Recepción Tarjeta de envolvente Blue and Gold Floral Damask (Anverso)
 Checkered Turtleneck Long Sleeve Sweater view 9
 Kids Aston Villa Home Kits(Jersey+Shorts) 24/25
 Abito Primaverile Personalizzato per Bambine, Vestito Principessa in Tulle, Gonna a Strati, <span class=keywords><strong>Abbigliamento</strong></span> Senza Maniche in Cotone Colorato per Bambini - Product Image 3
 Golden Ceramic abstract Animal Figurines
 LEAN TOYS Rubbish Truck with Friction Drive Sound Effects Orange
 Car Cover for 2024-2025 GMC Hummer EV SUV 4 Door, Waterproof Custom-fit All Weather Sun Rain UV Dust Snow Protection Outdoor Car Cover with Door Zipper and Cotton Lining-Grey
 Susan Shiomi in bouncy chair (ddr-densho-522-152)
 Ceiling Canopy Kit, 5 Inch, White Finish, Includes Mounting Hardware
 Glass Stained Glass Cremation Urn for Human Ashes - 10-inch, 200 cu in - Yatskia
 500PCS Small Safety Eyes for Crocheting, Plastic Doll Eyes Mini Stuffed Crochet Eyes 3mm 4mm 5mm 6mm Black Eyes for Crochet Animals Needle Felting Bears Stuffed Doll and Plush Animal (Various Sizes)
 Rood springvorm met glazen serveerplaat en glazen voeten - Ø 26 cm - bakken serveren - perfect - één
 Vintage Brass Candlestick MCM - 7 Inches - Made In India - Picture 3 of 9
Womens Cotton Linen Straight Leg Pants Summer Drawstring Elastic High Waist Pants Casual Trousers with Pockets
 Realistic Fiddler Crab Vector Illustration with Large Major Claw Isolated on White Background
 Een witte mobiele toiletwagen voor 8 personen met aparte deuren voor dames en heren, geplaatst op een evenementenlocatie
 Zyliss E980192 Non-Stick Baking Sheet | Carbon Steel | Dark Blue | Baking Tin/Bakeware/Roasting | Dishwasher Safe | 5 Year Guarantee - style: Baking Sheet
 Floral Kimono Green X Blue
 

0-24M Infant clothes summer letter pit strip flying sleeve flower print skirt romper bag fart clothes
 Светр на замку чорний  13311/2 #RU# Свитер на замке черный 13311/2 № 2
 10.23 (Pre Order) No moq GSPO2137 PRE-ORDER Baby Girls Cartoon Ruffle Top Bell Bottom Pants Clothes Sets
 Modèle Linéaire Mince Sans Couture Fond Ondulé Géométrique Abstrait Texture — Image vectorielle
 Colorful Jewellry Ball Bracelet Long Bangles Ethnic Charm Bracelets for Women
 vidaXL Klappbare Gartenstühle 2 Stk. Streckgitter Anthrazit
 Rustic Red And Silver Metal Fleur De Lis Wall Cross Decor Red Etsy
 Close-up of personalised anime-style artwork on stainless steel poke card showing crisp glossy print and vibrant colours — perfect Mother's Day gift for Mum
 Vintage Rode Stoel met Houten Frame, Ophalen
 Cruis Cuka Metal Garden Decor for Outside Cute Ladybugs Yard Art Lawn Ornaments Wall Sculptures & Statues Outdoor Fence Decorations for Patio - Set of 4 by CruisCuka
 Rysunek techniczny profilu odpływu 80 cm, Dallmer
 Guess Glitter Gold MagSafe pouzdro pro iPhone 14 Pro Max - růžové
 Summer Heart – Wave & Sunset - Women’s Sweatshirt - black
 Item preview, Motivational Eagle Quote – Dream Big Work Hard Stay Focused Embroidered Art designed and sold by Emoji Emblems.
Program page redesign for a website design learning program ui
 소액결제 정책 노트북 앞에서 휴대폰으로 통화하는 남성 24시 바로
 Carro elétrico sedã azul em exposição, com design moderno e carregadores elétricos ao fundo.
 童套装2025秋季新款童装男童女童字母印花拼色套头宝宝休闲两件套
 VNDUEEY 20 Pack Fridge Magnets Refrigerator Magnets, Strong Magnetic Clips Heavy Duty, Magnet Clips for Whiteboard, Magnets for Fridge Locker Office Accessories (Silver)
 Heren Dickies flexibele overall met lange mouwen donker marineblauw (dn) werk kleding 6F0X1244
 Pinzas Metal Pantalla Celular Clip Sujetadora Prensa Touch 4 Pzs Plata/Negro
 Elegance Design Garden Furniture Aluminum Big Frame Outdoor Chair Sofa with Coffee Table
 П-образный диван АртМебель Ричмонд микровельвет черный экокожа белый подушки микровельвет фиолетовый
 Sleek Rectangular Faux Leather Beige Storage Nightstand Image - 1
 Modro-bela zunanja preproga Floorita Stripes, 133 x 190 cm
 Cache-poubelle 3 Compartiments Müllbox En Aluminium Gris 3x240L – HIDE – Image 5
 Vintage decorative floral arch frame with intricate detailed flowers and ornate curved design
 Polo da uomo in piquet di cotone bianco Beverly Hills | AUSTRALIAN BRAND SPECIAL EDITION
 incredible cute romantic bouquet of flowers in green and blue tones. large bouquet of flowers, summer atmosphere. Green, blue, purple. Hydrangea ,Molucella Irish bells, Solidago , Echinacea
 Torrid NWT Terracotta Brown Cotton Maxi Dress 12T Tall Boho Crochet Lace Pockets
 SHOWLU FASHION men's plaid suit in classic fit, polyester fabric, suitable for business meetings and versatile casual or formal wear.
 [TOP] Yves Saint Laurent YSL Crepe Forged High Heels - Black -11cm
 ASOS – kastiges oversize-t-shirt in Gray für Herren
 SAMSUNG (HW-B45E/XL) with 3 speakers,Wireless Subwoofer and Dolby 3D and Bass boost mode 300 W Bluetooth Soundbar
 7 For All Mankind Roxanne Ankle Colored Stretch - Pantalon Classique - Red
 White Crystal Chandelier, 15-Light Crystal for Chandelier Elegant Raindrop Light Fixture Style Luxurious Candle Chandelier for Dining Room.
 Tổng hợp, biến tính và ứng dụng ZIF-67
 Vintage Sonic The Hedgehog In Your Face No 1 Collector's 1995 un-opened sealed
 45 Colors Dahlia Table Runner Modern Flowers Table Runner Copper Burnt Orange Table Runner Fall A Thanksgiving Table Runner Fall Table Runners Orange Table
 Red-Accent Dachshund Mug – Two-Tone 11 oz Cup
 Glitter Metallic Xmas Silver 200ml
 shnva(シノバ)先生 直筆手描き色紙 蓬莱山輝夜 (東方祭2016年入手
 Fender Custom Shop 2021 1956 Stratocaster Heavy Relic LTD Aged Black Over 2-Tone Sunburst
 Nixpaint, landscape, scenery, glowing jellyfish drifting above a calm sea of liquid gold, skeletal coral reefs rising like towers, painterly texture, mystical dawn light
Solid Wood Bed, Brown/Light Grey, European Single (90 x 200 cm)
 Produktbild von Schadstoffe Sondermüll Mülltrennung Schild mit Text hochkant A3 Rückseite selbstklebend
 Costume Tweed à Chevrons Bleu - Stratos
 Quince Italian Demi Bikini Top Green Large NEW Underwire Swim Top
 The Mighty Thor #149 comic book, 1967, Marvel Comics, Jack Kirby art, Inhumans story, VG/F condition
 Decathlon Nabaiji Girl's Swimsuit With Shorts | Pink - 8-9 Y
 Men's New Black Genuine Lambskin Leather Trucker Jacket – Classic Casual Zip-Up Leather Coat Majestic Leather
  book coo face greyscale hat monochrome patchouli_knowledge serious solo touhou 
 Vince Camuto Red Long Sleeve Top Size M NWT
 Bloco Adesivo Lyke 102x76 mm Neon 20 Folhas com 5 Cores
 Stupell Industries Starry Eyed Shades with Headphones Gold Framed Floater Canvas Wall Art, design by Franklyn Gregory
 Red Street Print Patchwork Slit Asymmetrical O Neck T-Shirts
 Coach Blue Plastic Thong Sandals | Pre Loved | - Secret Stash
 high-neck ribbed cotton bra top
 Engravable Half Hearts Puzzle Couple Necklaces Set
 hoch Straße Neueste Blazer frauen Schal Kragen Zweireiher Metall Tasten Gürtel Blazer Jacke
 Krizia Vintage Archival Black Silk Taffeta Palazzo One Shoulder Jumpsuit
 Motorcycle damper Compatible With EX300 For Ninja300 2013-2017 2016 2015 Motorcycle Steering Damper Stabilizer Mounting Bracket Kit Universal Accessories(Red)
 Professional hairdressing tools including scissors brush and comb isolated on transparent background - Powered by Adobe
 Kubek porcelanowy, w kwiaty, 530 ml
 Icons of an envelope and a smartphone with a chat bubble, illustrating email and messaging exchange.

▬▬▬▬▬▬▬▬▬▬

### Aim of the exercise
Where does the word "Heavy" appear in the records? Copy every line that holds it.

### Answer space
 VNDUEEY 20 Pack Fridge Magnets Refrigerator Magnets, Strong Magnetic Clips Heavy Duty, Magnet Clips for Whiteboard, Magnets for Fridge Locker Office Accessories (Silver)
 Fender Custom Shop 2021 1956 Stratocaster Heavy Relic LTD Aged Black Over 2-Tone Sunburst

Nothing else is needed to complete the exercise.